To fill in for the loss of the three good practitioners, she said,
Buchanan hired what was available—an unboarded internist whose hospital privileges had been revoked for shoddy practice in Boise, a sixty-seven-year-old man who never had practiced but had spent his professional life doing research, and a young rent-a-doc general practitioner from a medical temp agency, who would work until the company was able to find another physician.
“The one remaining good physician, besides yours truly, was a bushy-tailed New Age doc in his thirties. Marty Murrow. He wore blue jeans to the office, had long hair. Actually went to medical conventions to learn new things. Tried to read everything in sight. He was a terrific young internist in love with medicine. Remember?
“Anyway, the two of us got into immediate trouble.”
It began for her, she said, when the company assigned “the klutz from Boise” to cover for her on her days off. Many calls ensued from her to Buchanan, at first polite and friendly, rapidly becoming acerbic. She told him that she was a boarded obstetrician-gynecologist and she wasn’t going to allow an unqualified person to share responsibility for her patients. That she had inherited a lot of cases from the departed ob-gyn. That she was far beyond the case load limit specified in her contract, the limit at which she could continue to function as a physician at a quality level, and that they damn well better find another ob-gyn to share the burden.
“Buchanan reminded me that this was a team operation, that I had to be a team player. I told him he could stuff that up his flexura sacralis recti unless he hired another qualified obstetrician. So I became an honored name on his shit list.

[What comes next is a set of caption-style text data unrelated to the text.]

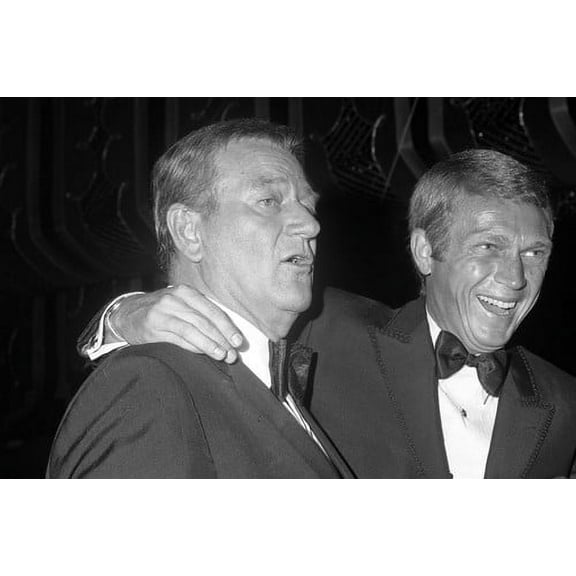 John Wayne Steve McQueen great shot two legends in tuxedo laughing 24x36 Poster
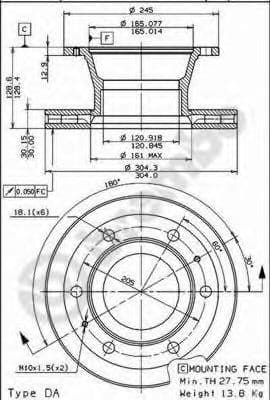 09.6813.20 Brembo Гальмівний диск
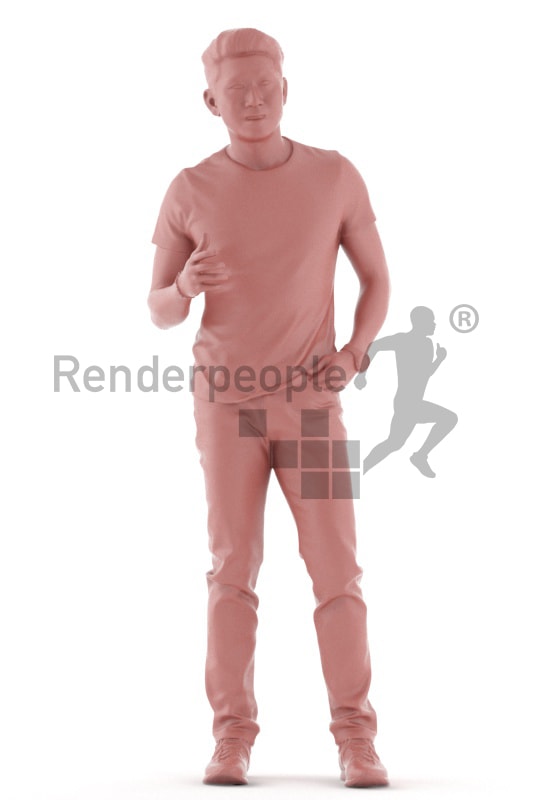 3d people casual, asian 3d man standing and talking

“Meanwhile, Marty Murrow was getting into far worse trouble. His contract called for him to treat sixteen hundred patients, and he was handling more than twenty-two hundred people. The lousy new doctors each were ‘caring for’ from four hundred to six hundred patients. The researcher just didn’t know very much about internal medicine. Whenever he was in the ICU, he had to ask the nurses to write his orders for him. He lasted less than two months.
“The patients soon caught on that there were some lousy doctors
at the Highland Family Health Center. When Highland got the contract to provide health care for a small factory with fifty workers, forty-eight requested Marty Murrow as their doctor. He and I began to freak out. We didn’t recognize a lot of the names on the charts. Often we were asked to sign prescription forms for other doctors’ patients, to order drugs for people we didn’t know and whose illnesses we weren’t familiar with. And because doctors were just employees, we had no control over the general lack of quality in the place.”
One of the nurses, Gwen told R.J., was particularly bad. Marty Murrow caught her in repeated mistakes when she brought prescription refills for his signature—“ordering the patient to take Zantax instead of Xanax, things like that. We had to watch her.” It bothered Gwen that the receptionist was rude and sarcastic in the office and over the telephone and often neglected to deliver patients’ messages and questions to the doctors.
“Marty Murrow and I screamed and called them names,” Gwen said. “We both telephoned Buchanan regularly to complain, which he liked because it gave him an opportunity to put us in our places by ignoring us. So Marty Murrow sat down and wrote to the president of the company, a retired urologist who lives in Los Angeles. Marty complained about the nurse, the receptionist, and Buchanan, and he asked the president to replace all three of them.